Design Issues: Shared Pages
- Sharing improves efficiency.
- When one process exits, OS should realise there is another user of the the page
- Sharing data is trickier than sharing code
- After fork system call parent and child share program and text
- To do so efficiently, each gets its own set of page tables, pointing to the same pages
- Pages are mapped read-only
- When a process writes to such a page:
make a copy
=> copy-on-write
- After fork system call parent and child share program and text
copy-on-write
Design Issues: Shared Libraries
- Sharing libraries is very common
- easy: read-only
- Typically through Dynamic Link Libraries (DLLs)
- often as position-independent code
Design Issues: Memory mapped files
- Shared libs special cases of memory mapped files
- As pages are touched→ demand paged from disk
- When process exits→ write dirty pages back to disk
Design Issues: Cleaning policy
- Paging works well if plenty of free pages. What if we run short?

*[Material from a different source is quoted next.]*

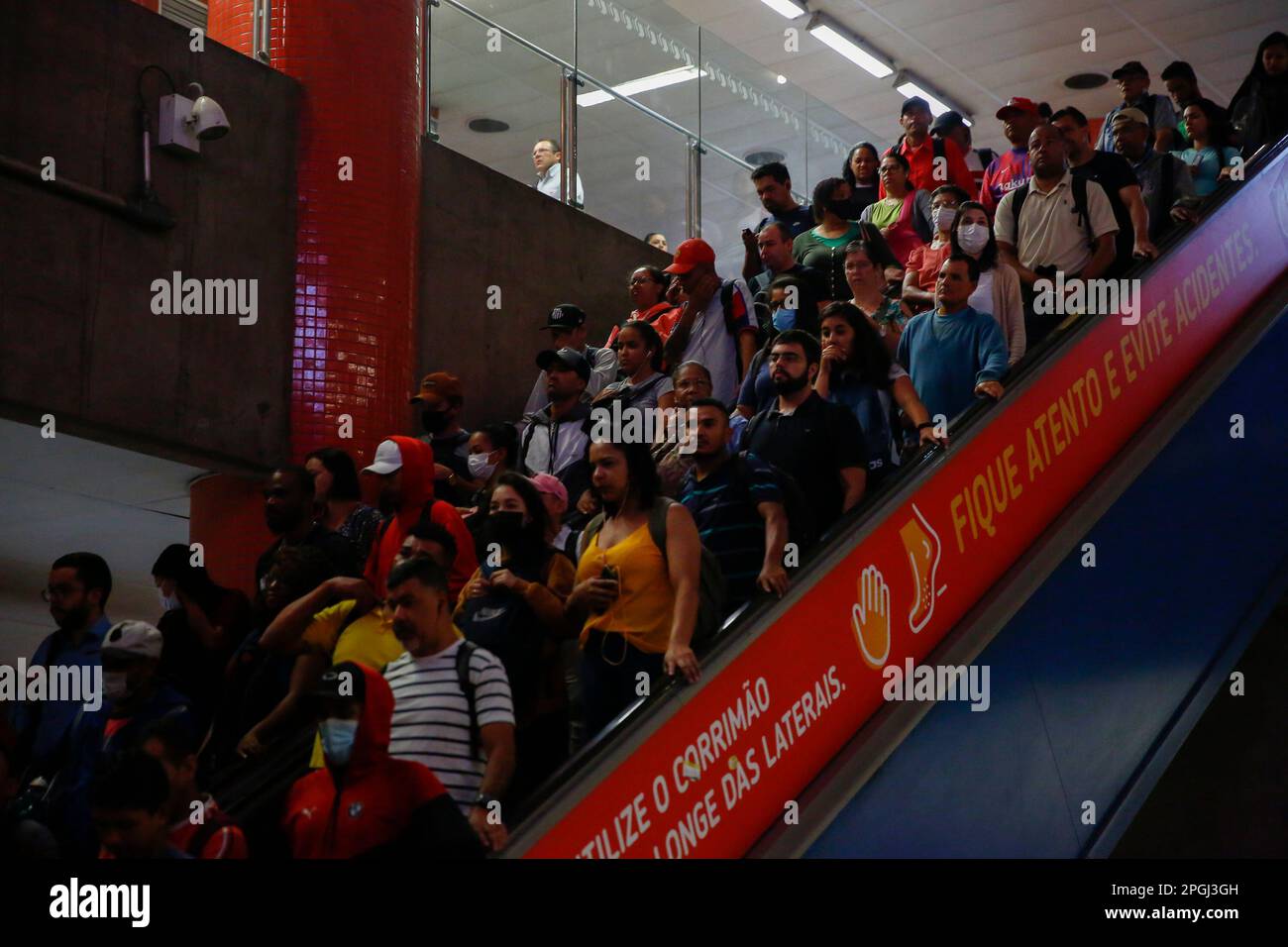 SP - Sao Paulo - 03/23/2023 - SAO PAULO, SCIOPERO DELLA METROPOLITANA - movimento sulla linea gialla 4, una linea operata da Via Quatro, che è stato sovraccaricato a causa dello sciopero della metropolitana a Sao Paulo che ha iniziato alle 00:00 di questa mattina Giovedi (23). Tra le richieste della categoria figurano l'apertura di una gara d'appalto pubblica per l'assunzione di emergenza, la fine dell'outsourcing e il pagamento dell'indennità in cambio del RPP (profit sharing) che, secondo il sindacato, non è stato trasferito ai lavoratori negli ultimi 2 anni. Tutte le linee gestite dalla metropolitana sono state interessate, linee 1 blu, 2 verde, 3 rosso e 15 argento della monorotaia. Foto: Suam Foto Stock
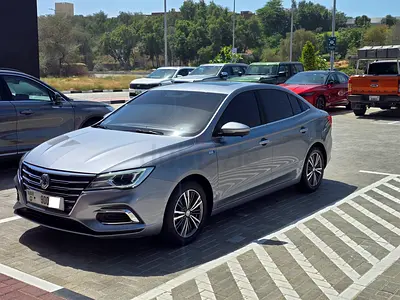 MG 5  2020 full options  with 65,000km Full service history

- Indirect reclaim: Paging daemon sleeps and then evicts pages if free pages are in short supply
- Flush dirty pages
- Leave them in memory – easy reuse
Page Fault Handling
- The hardware traps to kernel, saving program counter on stack.
- Assembly code routine started to save registers and other volatile info. Calls the page fault handler
- System discovers page fault has occurred, tries to discover which virtual page needed
- Once virtual address that caused fault is known, system checks to see if address valid and the protection consistent with access
- If frame selected dirty, page is scheduled for transfer to nonvolatile storage, context switch takes place, suspending faulting process
- As soon as frame clean, operating system looks up disk address where needed page is, schedules disk or SSD operation to bring it in.
- When disk or SSD interrupt indicates page has arrived, tables updated to reflect position, and frame marked as being in normal state.
- Faulting instruction backed up to state it had when it began and program counter is reset
- Faulting process is scheduled, operating system returns to routine that called it.
- Routine reloads registers and other state information, returns to user space to continue execution where it left off
Separation of Policy and Mechanism
the separation is important for managing the complexity of the system.
Memory management system is divided into three parts
- A low-level MMU handler.
- A page fault handler that is part of the kernel.
- An external pager running in user space.
kernel page fault handler
- machine independent
- contains mechanism for paging
external pager
- machine independent
- can implement the policy